Normal distribution: https://mathlets.org/mathlets/probability-distributions/ Confidence Interval: https://mathlets.org/mathlets/confidence-intervals/
Suppose you give a test to a history class. After you have graded them, you compute the mean and standard deviation of the distribution of grades to be \(\mu\) = 80 and \(\sigma\) = 12. The standard score for a student who gets a 72 on the exam is? What is the percentile this score at?
Loop through the sequence 1 to 5 printing the square of each number
for (j in 1:5) {
print(j^2)
}
n <- 5
x <- rep(0,n)
for (j in 1:n) {
x[j] = j^2
}
x
Let’s use a for loop to estimate the average of squaring the result of a roll of a die.
ntrials <- 1000
trials <- rep(0,ntrials)
for(j in 1:ntrials) {
trials[j] <- sample(1:6,1)
}
mean(trials^2)
In many fields, we often want to understand the characteristics of a large group, but it’s too difficult to collect data from everyone. Instead, we collect data from a smaller group—a sample—and use this information to estimate things about the entire population.

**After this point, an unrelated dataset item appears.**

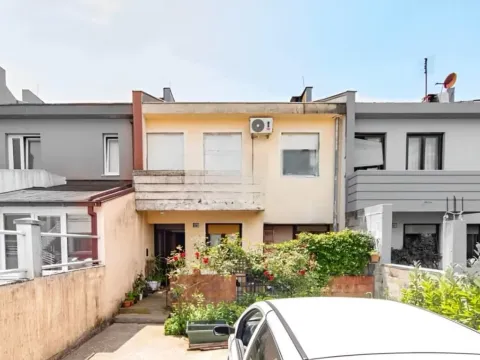 Sale, house, 160m², Zabjelo, Podgorica - image 10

Since we usually don’t have data from the entire population, we collect a sample and estimate the population characteristics based on it.
The most common thing we want to estimate is the mean (average) of some characteristic in the population (e.g., the average height of all students). To estimate this: - We take the mean of the sample. - We use that sample mean as an estimate for the population mean.
# Sample data: heights of 50 students (in cm)
sample_heights <- runif(50,min=150,max=180)
# Calculate the sample mean (average)
sample_mean <- mean(sample_heights)
sample_mean
In this case, sample_mean is the average height of the 50 students. We use this as an estimate for the average height of all students at the university (the population mean).
sum((sample_heights-sample_mean)^2)/49
var(sample_heights)
Let’s say we surveyed 100 students, and 60 of them passed an exam. We can estimate the proportion of all students who pass the exam.
# Sample data: 1 = pass, 0 = fail
sample_pass <- sample(c(0,1),100,replace=TRUE)
# Calculate the sample proportion (percentage of students who passed)
sample_proportion <- mean(sample_pass)
sample_proportion
Here, sample_proportion will give us an estimate of the percentage of all students who pass the exam based on the sample.
A confidence interval gives us a range where we expect the population mean or proportion to fall. It adds a margin of error to our estimate. For example, instead of just saying “the average height is 170 cm,” we might say, “we’re 95% confident the true average height is between 167 and 173 cm.”
In R, we can calculate confidence intervals easily.
To calculate a 95% confidence interval for the mean of our sample heights:
ci <- mean(sample_heights) + c(-1, 1) * (sd(sample_heights)/sqrt(length(sample_heights)) * 1.96)
ci
The output will give us a range (lower bound, upper bound) for where we expect the true average height to be.
The size of the sample affects how accurate our estimates are. Larger samples give us more precise estimates of the population. Smaller samples have more variability, so the estimates can be less accurate.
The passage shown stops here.